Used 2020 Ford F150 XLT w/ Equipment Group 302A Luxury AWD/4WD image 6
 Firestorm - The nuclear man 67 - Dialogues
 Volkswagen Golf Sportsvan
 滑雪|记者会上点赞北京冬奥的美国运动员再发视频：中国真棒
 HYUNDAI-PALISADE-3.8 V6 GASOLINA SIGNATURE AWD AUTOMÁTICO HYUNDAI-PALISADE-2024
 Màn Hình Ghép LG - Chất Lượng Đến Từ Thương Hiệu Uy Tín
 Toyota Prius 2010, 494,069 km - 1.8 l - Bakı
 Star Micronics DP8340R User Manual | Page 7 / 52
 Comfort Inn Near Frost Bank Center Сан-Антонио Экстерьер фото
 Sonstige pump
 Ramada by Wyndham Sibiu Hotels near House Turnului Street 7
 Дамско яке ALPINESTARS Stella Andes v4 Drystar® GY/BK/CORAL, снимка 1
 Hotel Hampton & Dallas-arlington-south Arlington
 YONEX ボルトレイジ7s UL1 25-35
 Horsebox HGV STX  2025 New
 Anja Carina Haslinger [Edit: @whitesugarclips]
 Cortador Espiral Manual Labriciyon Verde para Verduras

◆ **THE PROBLEM**:
Count every line of the entries that holds the string "Manual". Please answer with the count alone.

◆ **EXERCISE OUTPUT**:
2